──────── DATA SHOWN

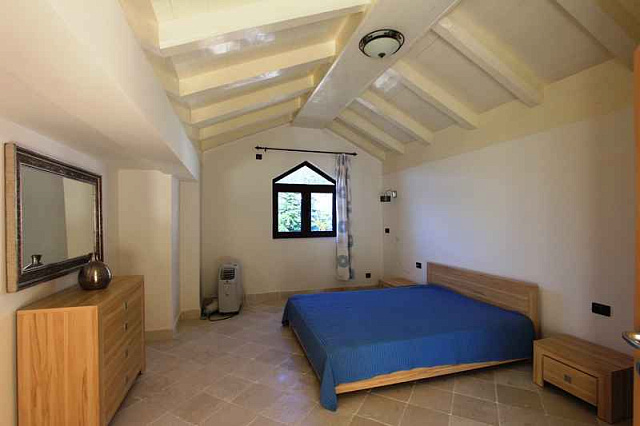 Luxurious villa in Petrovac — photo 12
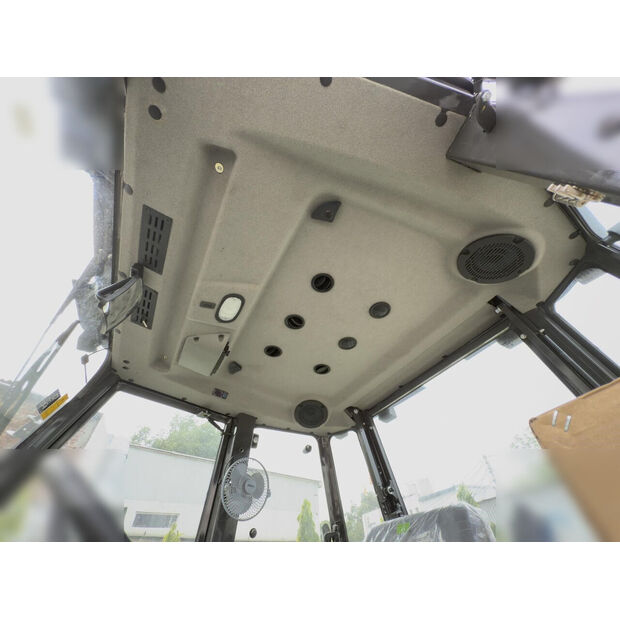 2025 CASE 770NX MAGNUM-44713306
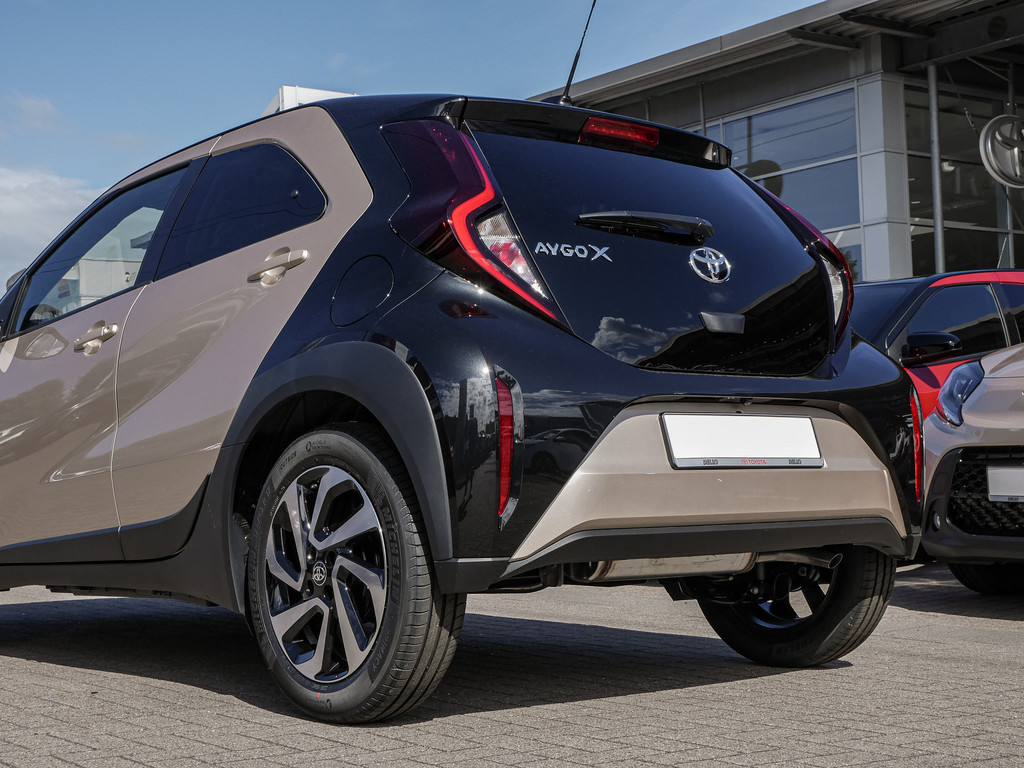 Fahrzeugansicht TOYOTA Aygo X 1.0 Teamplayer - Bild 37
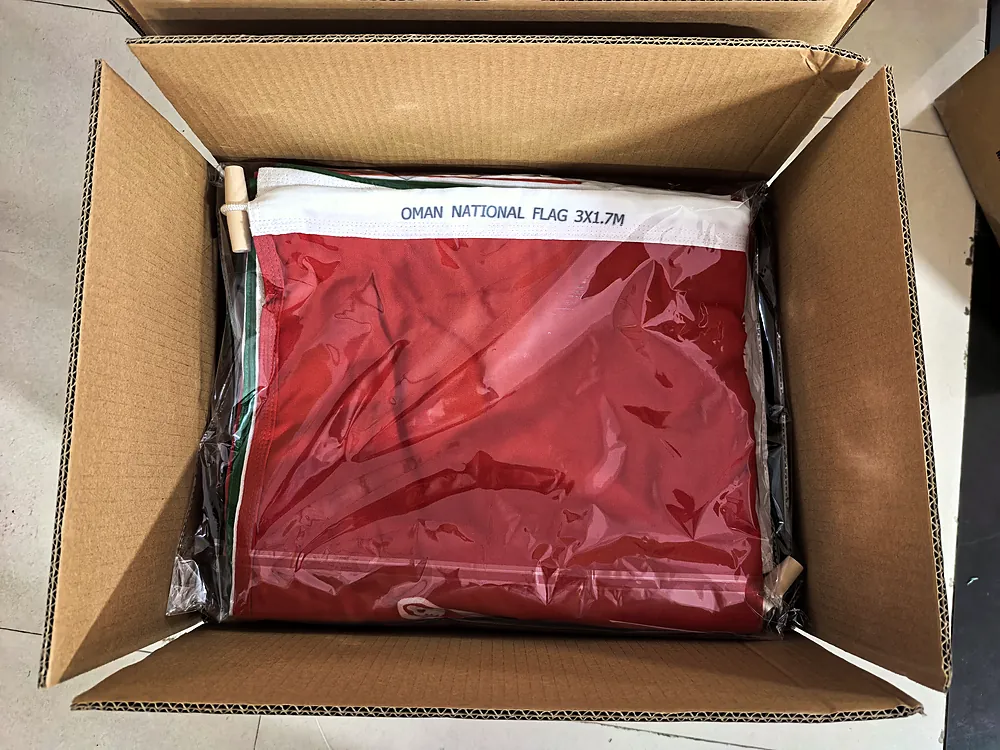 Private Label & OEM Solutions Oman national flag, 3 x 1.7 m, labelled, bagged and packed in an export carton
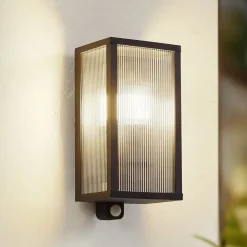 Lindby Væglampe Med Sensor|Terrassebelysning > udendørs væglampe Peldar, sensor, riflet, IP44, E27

────────────────

Would it be possible to copy the material exactly, excluding the images?

EXPECTED ANSWER:
 Luxurious villa in Petrovac — photo 12
 2025 CASE 770NX MAGNUM-44713306
 Fahrzeugansicht TOYOTA Aygo X 1.0 Teamplayer - Bild 37
 Private Label & OEM Solutions Oman national flag, 3 x 1.7 m, labelled, bagged and packed in an export carton
 Lindby Væglampe Med Sensor|Terrassebelysning > udendørs væglampe Peldar, sensor, riflet, IP44, E27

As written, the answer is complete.